2021-05-09	T.P.Parsing: improve include file functions.	John MacFarlane	2	-3/+3
	Remove old `insertIncludedFileF`. [API change] Give `insertIncludedFile` a more general type, allowing it to be used where `insertIncludedFileF` was.
2021-05-09	Change reader types, allowing better tracking of source positions.	John MacFarlane	34	-355/+443
	Previously, when multiple file arguments were provided, pandoc simply concatenated them and passed the contents to the readers, which took a Text argument. As a result, the readers had no way of knowing which file was the source of any particular bit of text. This meant that we couldn't report accurate source positions on errors or include accurate source positions as attributes in the AST. More seriously, it meant that we couldn't resolve resource paths relative to the files containing them (see e.g. #5501, #6632, #6384, #3752). Add Text.Pandoc.Sources (exported module), with a `Sources` type and a `ToSources` class. A `Sources` wraps a list of `(SourcePos, Text)` pairs. [API change] A parsec `Stream` instance is provided for `Sources`. The module also exports versions of parsec's `satisfy` and other Char parsers that track source positions accurately from a `Sources` stream (or any instance of the new `UpdateSourcePos` class). Text.Pandoc.Parsing now exports these modified Char parsers instead of the ones parsec provides. Modified parsers to use a `Sources` as stream [API change]. The readers that previously took a `Text` argument have been modified to take any instance of `ToSources`. So, they may still be used with a `Text`, but they can also be used with a `Sources` object. In Text.Pandoc.Error, modified the constructor PandocParsecError to take a `Sources` rather than a `Text` as first argument, so parse error locations can be accurately reported. T.P.Error: showPos, do not print "-" as source name.

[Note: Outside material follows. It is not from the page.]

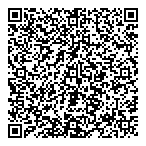 Native Counseling Services-Alberta QR Card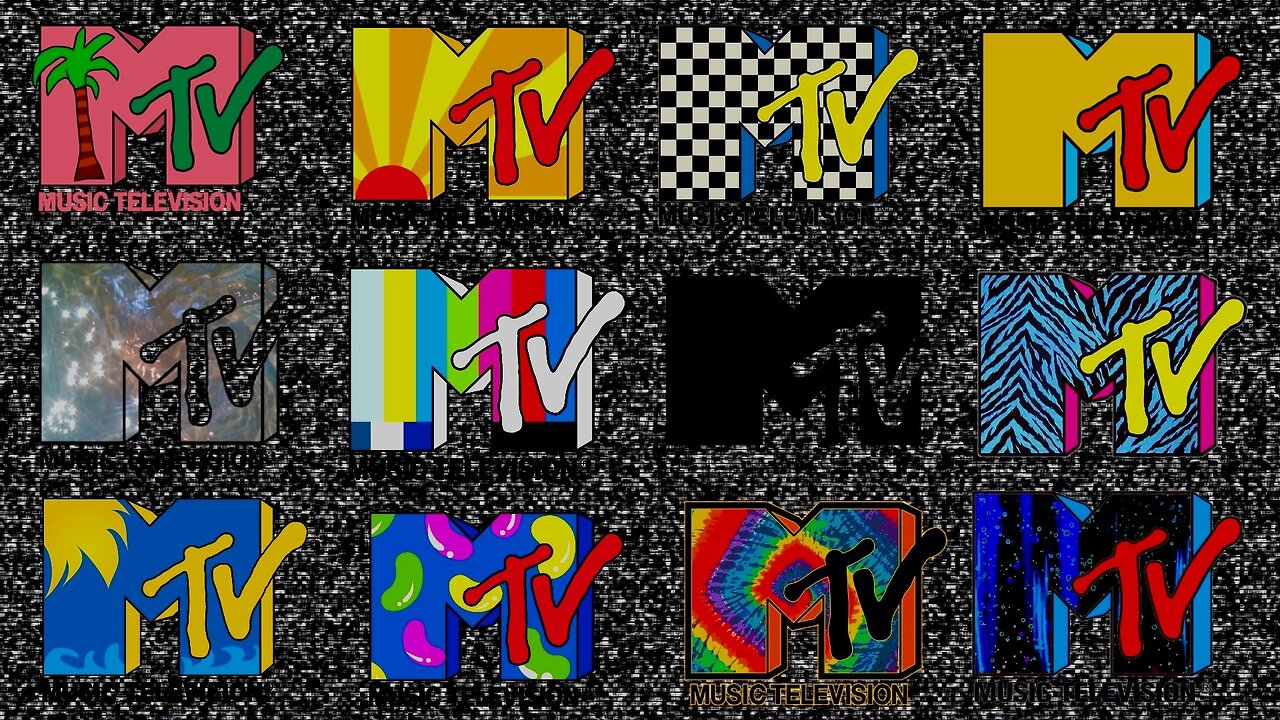 Restoration of MTV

2021-04-29	Docx reader: add handling of vml image objects (jgm#4735) (#7257)	mbrackeantidot	1	-2/+9
	They represent images, the same way as other images in vml format.
2021-04-28	Smarter smart quotes.	John MacFarlane	3	-47/+12
	Treat a leading " with no closing " as a left curly quote. This supports the practice, in fiction, of continuing paragraphs quoting the same speaker without an end quote. It also helps with quotes that break over lines in line blocks. Closes #7216.